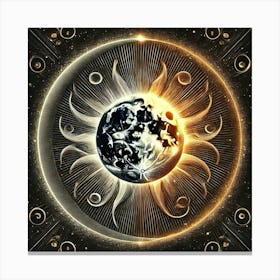 Sun And The Moon 1 Canvas Print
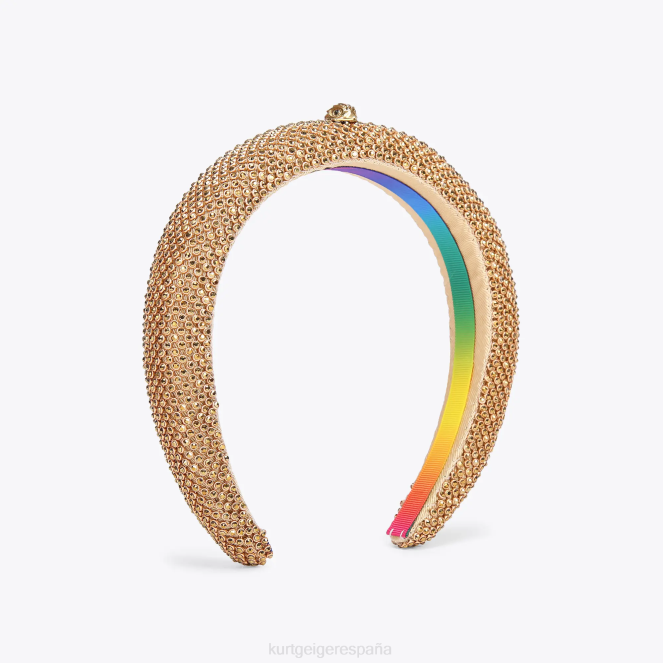 Kurt Geiger mujer diadema de cristal de londres 2LPR515 | accesorios oro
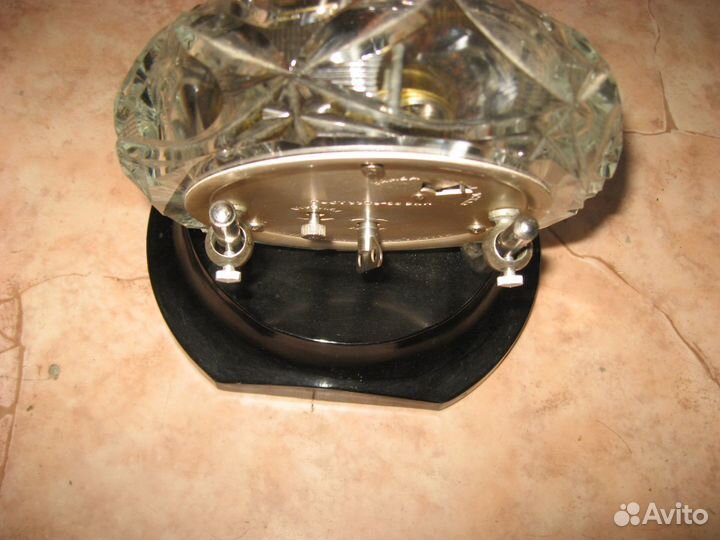 Настольные часы Кристалл,61г. Редкие. Состояние
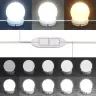 Spoguļgaldiņš Ar Led, 100X40X130 Cm, Brūna Ozolkoka Krāsa Vidaxl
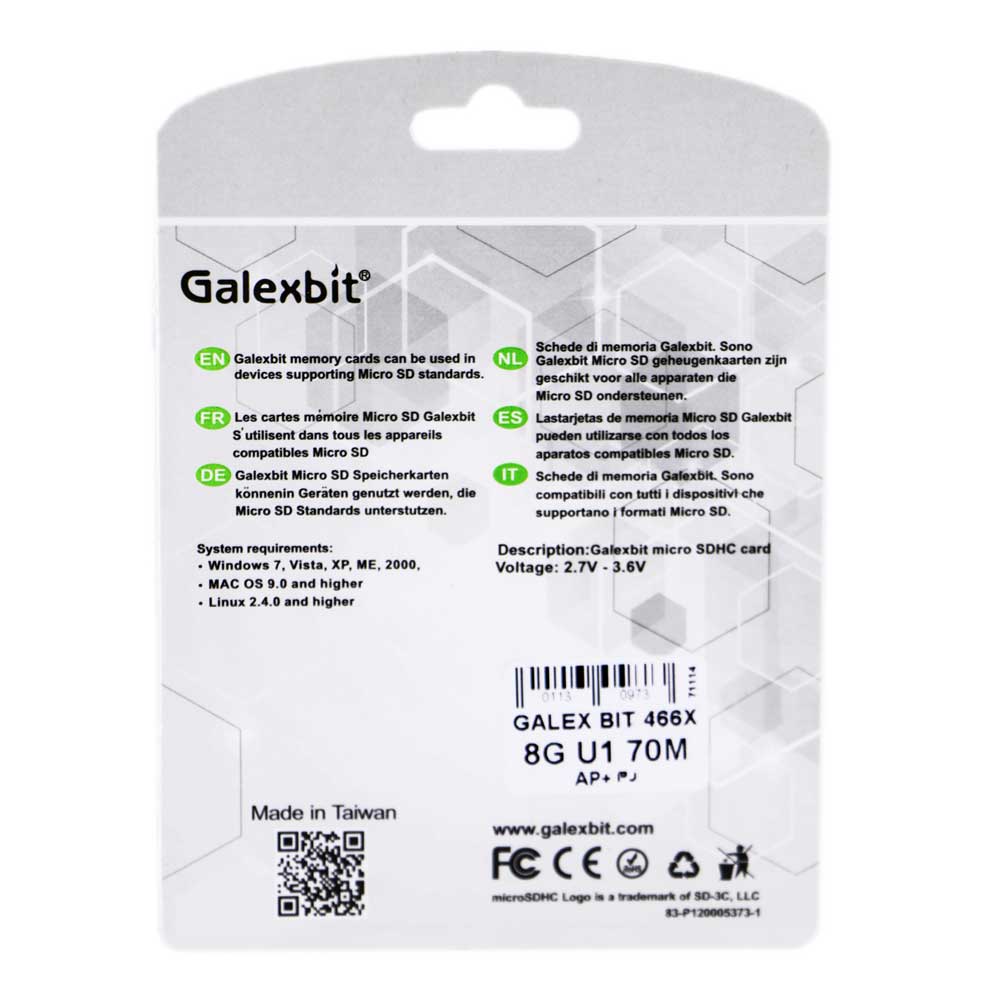 رم میکرو 8 گیگ گلکس بیت Galexbit Turbo U1 70MB/s + خشاب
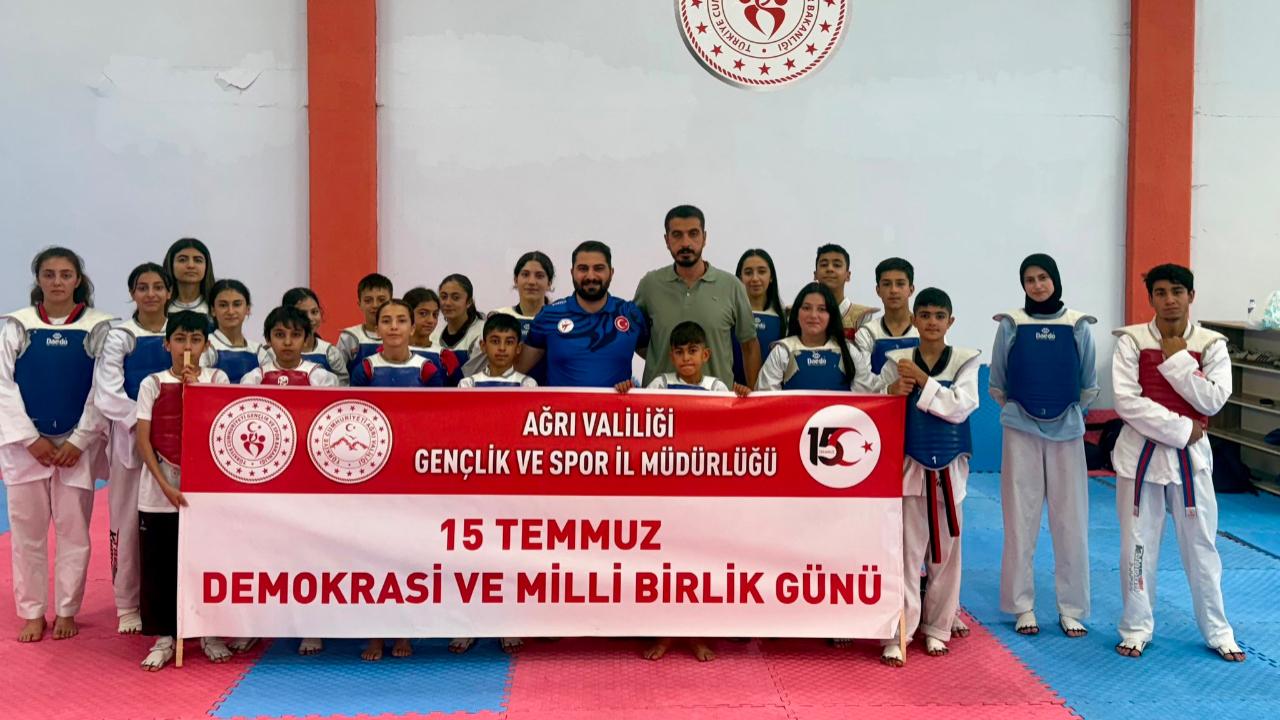 Ağrı’da 15 Temmuz Anısına Taekwondo Heyecanı
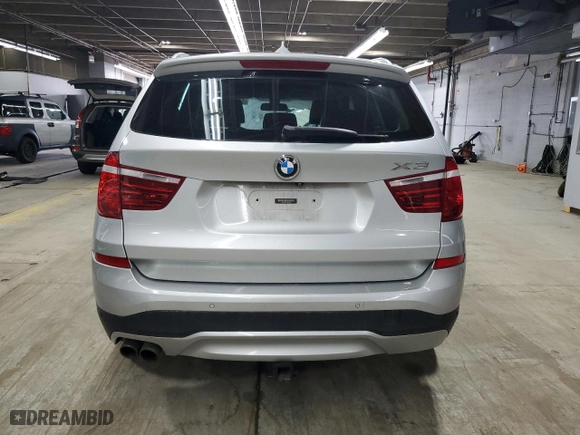 2015 BMW X3 xDrive28i with VIN 5UXWX9C51F0D55416, listed as a Copart auction lot 54356815 with 159,114 mi miles and Clean Title. Bid and sale history available at carsss.com. Image 6.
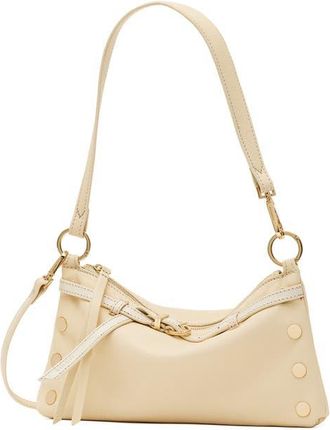 Hammitt Kyle Leather Hobo Bag in Belted Parchment/gold at Nordstrom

──────

- [Exercise aim]:
Where the line containing "2015 BMW X3" appears, begin writing out the lines word for word, and continue through the last line of the data, leaving out pictures.

- [Output]:
 2015 BMW X3 xDrive28i with VIN 5UXWX9C51F0D55416, listed as a Copart auction lot 54356815 with 159,114 mi miles and Clean Title. Bid and sale history available at carsss.com. Image 6.
 Hammitt Kyle Leather Hobo Bag in Belted Parchment/gold at Nordstrom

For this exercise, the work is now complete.